Doch neben die Klarheit der Vita eines Mannes, der eine
eigentlich unerreichbare Frau heiratet und sie unabsichtlich
tötet, treten diffuse Abschnitte, die aus einer anderen Welt
zu stammen scheinen. Zimmer erinnert daran, dass Nabokov gegen
seine Gewohnheit in einem Zeitungsinterview Lesehilfe gab:
"Durchsichtige Dinge" ist eine Geistergeschichte, ein Spiel,
in dem die Toten als körperloses Bewusstsein weiter
existieren, ohne Einfluss auf den Lauf der Welt. Wer aber ist
derjenige in der Geschichte, der all dies zusammenhält und
erzählen kann? Selbstverständlich der große Schöpfer, der
Autor selbst, der als Adam von Librikov, ein Anagramm von
Vladimir Nabokov, im Text auftaucht. Die Welt wird zum Roman.
Der Schlüssel zu "Sieh doch die Harlekine!", so lässt
uns Zimmer wissen, ist Nabokovs Erbitterung über seinen ersten
Biografen Andrew Field, der sich selten an die Fakten hielt.
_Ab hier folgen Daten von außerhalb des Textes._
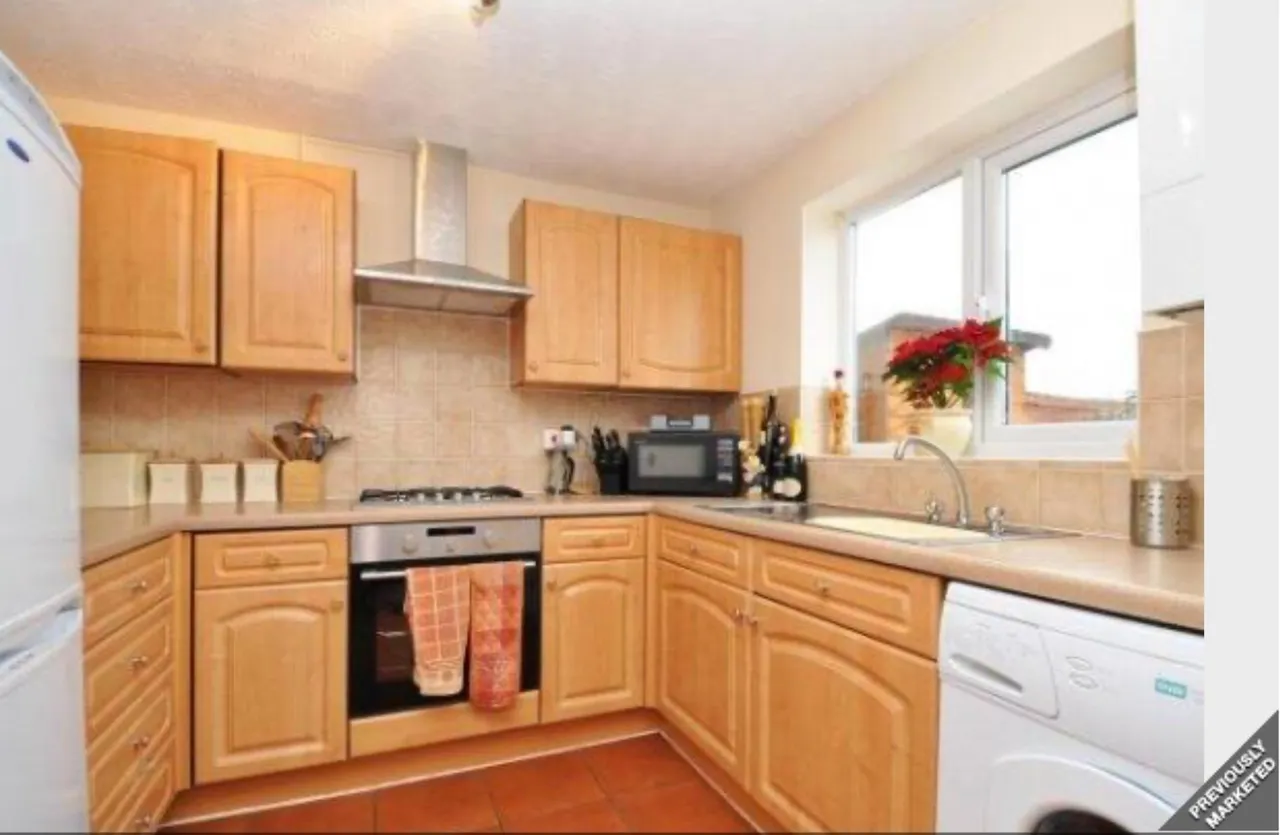 Llys Brenig, Deeside, CH5, photo 4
Nabokov, der grundsätzliches Misstrauen gegen Biografen hegte,
erfand danach ein "negatives Double" seiner selbst mit Namen
Vadim, dessen Leben zum Zerrbild der Biografie seines
Schöpfers wird.
Von den 24 Bänden der Werkausgabe
stehen noch sechs aus. Spätestens Anfang 2004 soll Band 21
erscheinen, eine Fortsetzung zu "Deutliche Worte" mit
Interviews, Feuilletons, Rezensionen, Essays, darunter einige
Erstveröffentlichungen aus dem Manuskriptnachlass.
Vladimir Nabokov, "Späte Romane: ,Durchsichtige
Dinge', ,Sieh doch die Harlekine!'", Rowohlt Verlag, 549
Seiten, 28 Euro.
Horst Tappe, "Nabokov", Fotoband,
Christoph Merian Verlag, 17 Euro.
Außerdem
empfehlenswert: Vladimir Nabokov, "Pnin", gelesen von Ulrich
Matthes, 6 CDs, Der Audio Verlag, 32,95 Euro.